Today's the day. The flight to Warsaw leaves at 11:25 p.m., and then it's under way. One way I can tell this is not really a vacation is that I have butterflies, just like before a hearing in court. There are some reasons for that.
First, our research has been productive, but unsettling. Most of what we thought we knew about my grandparents' origins has been called into question.
My grandfather was supposed to be from Czyzewo (now called Czyzew-Osada), but now it seems his family lived mostly in Wollomin and Lodz. So we're going there, too. My grandmother's family was from cosmopolitan Odessa. She always said so.
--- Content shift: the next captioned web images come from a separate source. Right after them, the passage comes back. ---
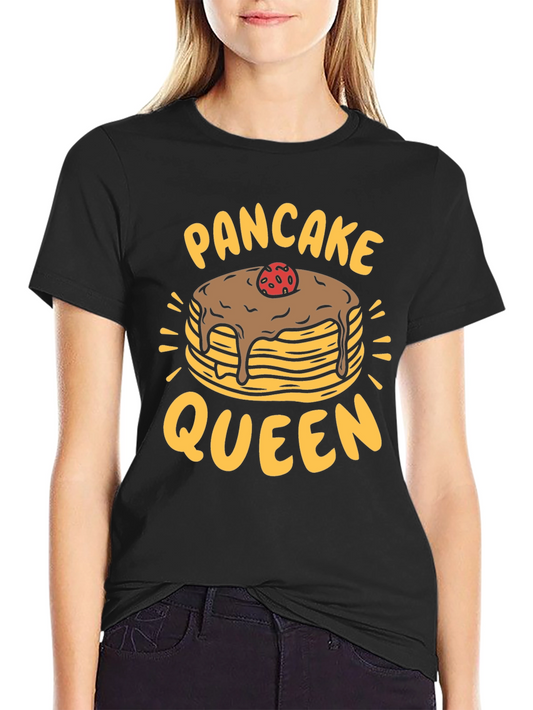 Pancake Queen Graphic T-Shirt - Foodie Fashion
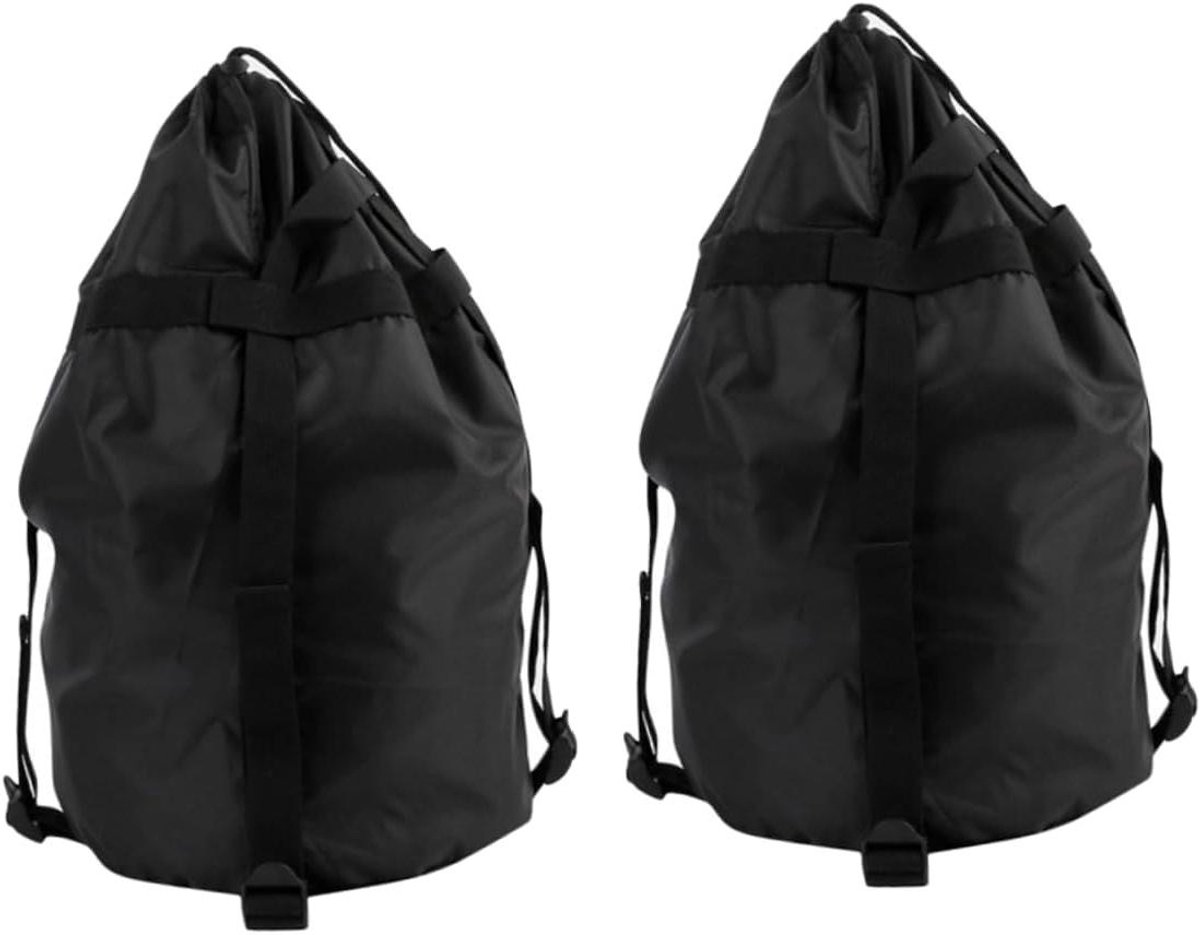 Compressiezakken Reis - Opbergzakken Kamperen - Ruimte Besparen - Vier Compressiebanden - 43 x 23 cm - Zwart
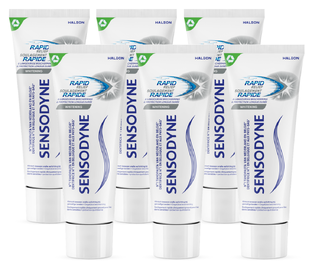 Sensodyne Rapid Relief Whitening Tandpasta voor gevoelige tanden 6x75ML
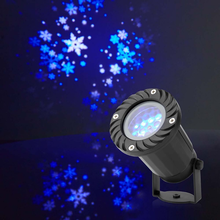 Χριστουγεννιάτικος Προβολέας Nedis LED Snowflake White and Blue Ice Crystals (CLPR1)
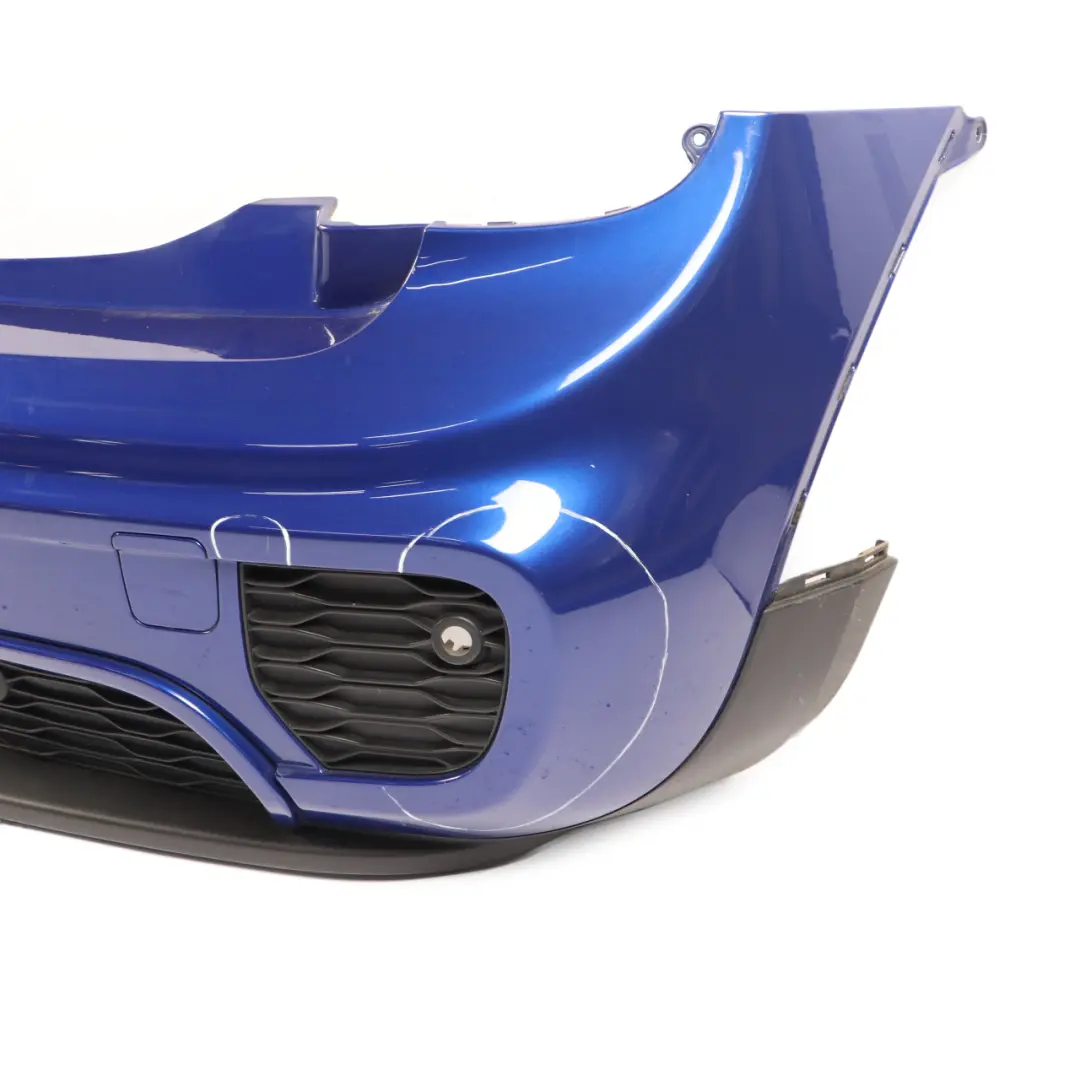 Bumper Mini F55 JCW Complete Trim Panel Cover Starlight Blue Metallic - B62 to Rear with Part number 7398777 Rear Bumper Mini F55 JCW Complete Trim Panel Cover Starlight Blue Metallic - B62 - SKU 7398777-STB - Part number 7398777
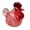 Red, variant on Hand Blown Glass Chickens Statue Rooster Chicken Figurines Sculptures Decorative Ornament for Home Decors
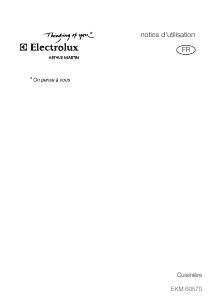 Mode d’emploi Arthur Martin-Electrolux EKM60570X Cuisinière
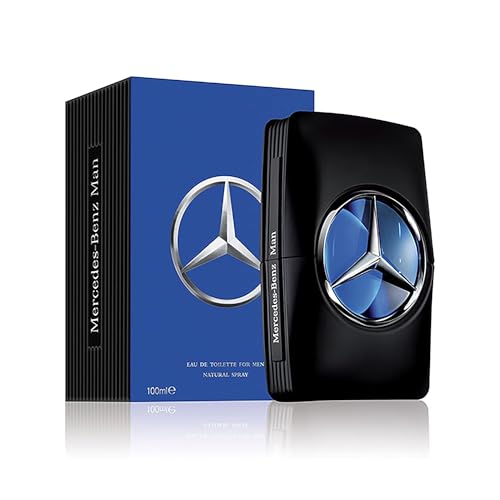 Mercedes Benz Man Eau de Toilette for Men - Woody & Fruity, Long Lasting 3.4 oz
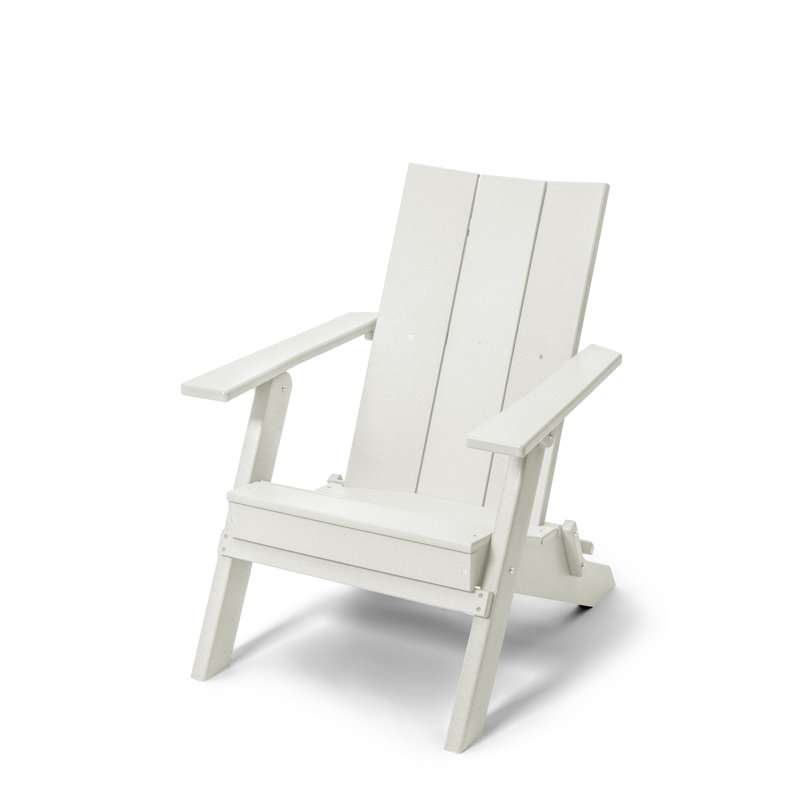 Chaise Adirondack pliante Birds Choice Stanton, Blanc
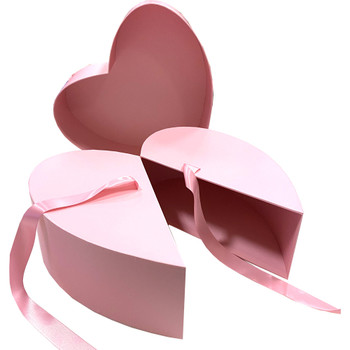 13" Surprise Nested Heart - Pink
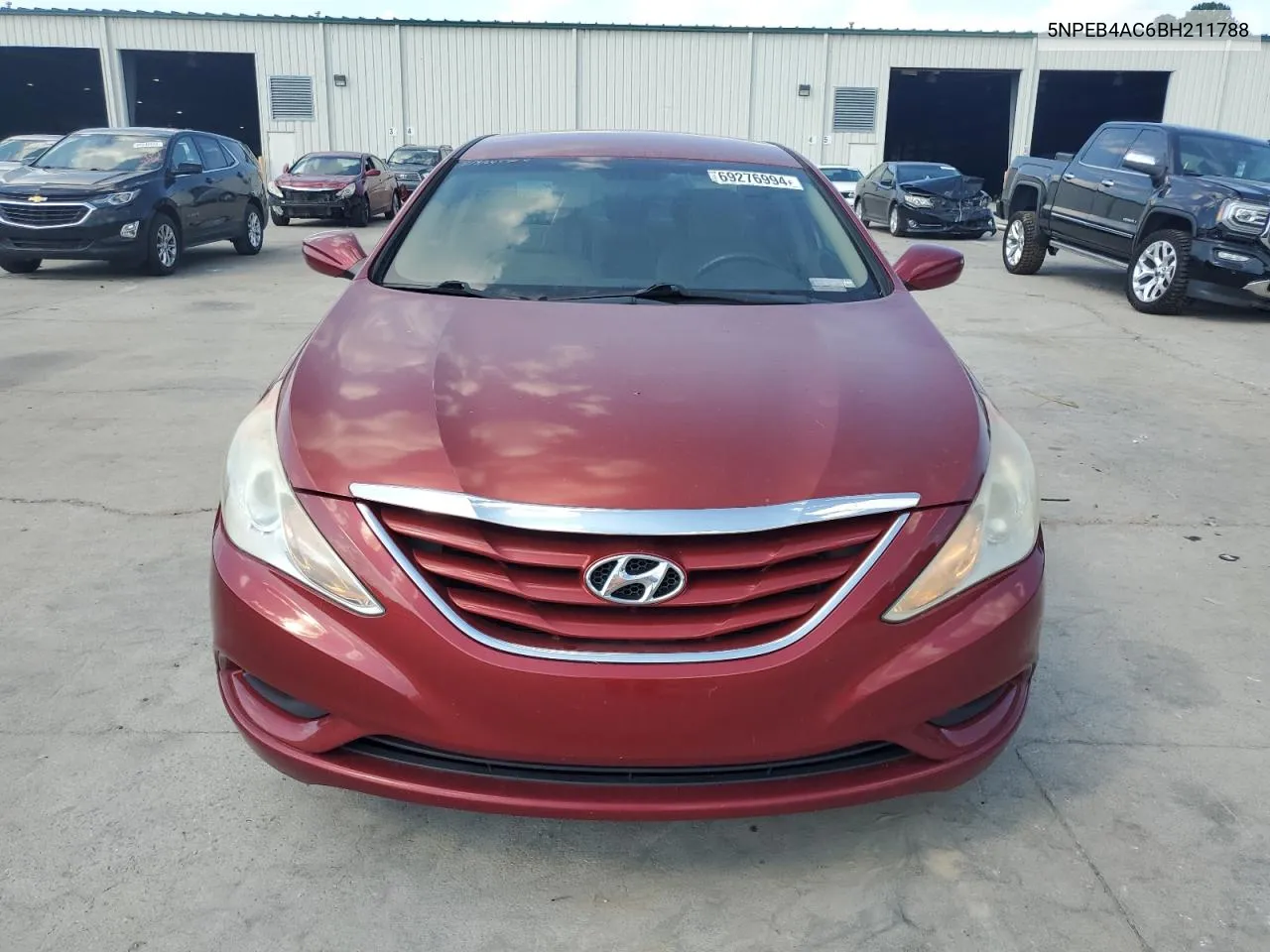 5NPEB4AC6BH211788 2011 Hyundai Sonata Gls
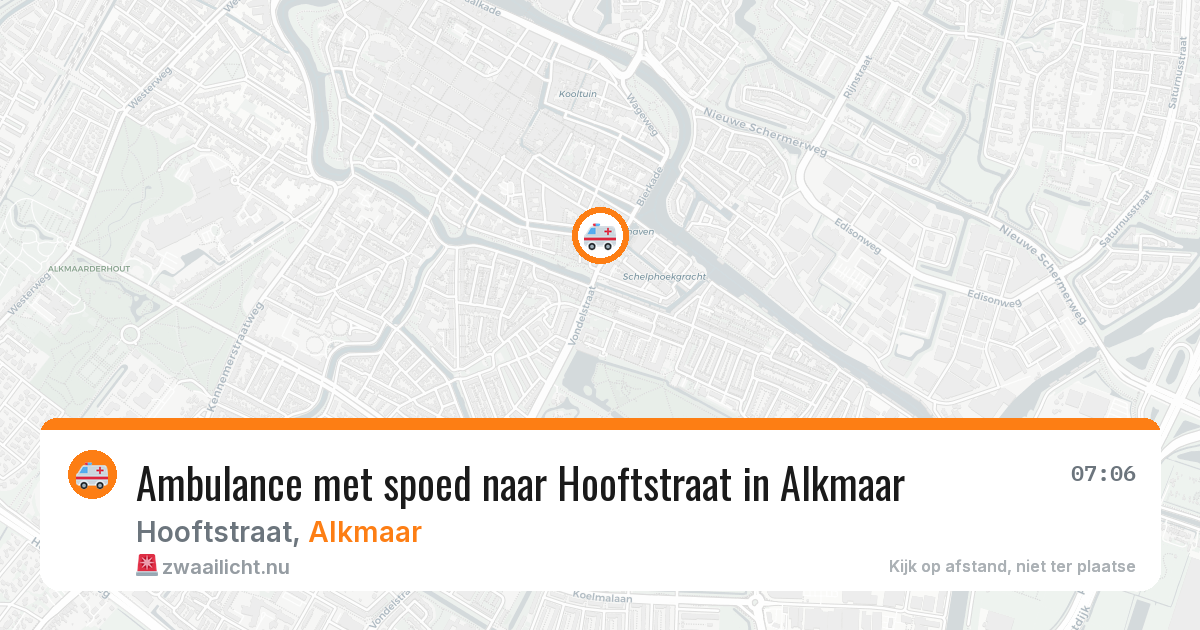 Ambulance met spoed naar Hooftstraat in Alkmaar — 20 mei 2026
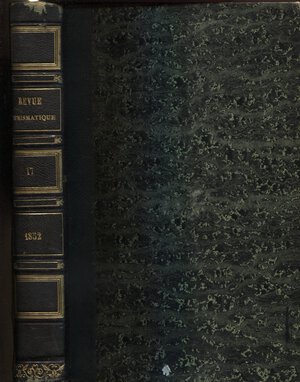 obverse: A.A.V.V. Revue de la Numismatique françoise. Anno 17. Parigi, 1852. Pp. 476, tavv. 10, ill. nel testo. Ril. / pelle coeva. Buono stato  molto raro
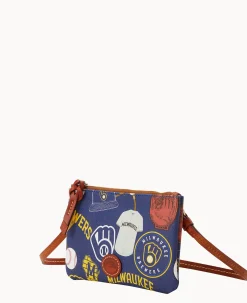 MLB Brewers Top Zip Crossbody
We KNEW it. Now it seems they came from a tiny village 200 kilometers to the east, the Ukrainian equivalent of Nowhere (and it seems that in Ukraine, Nowhere is really far from Anywhere You Want To Be). And the village was founded by Dutch Mennonites.
So things keep changing. This is the least organized trip I have taken since 1970, I drove across the country with Rich Zweig and Bob Aldrich. Actually, that trip was better organized than this one. We're spending the first five days in Warsaw, taking some side trips to places connected to my grandfather's family. Then, 25 days later, we'll fly home from Odessa. In between? Well, you can see the map. That's still roughly what we think we'll be doing. But it keeps changing.
How many concentration camp sites do we need to see? How long do we want to stay in Krakow, or Budapest? And will this aging corpus hold out through all of the cycling? A lot of my butterflies, I think, are anxiety over the physical challenge of the trip.
So, off we go, chasing the roots of the man in the photo, my father and Matt's grandfather, Milton Stewart -- they guy who changed the name from Schwartz to Stewart. As one of his cousins recently remembered him, he was always "a man on a mission." And maybe his most basic mission was to be American in every way, something he achieved by taking on a great deal of public service. He succeeded so well, in fact, that we don't know too much about his (and our) family -- and what we thought we knew turns out to be a bit shaky.
I couldn't resist the group photo on the right, a picture of Milt at an occasion honoring the Office of Advocacy of the Small Business Administration, of which he was the first Chief Counsel. You can see where we get our fashion sense.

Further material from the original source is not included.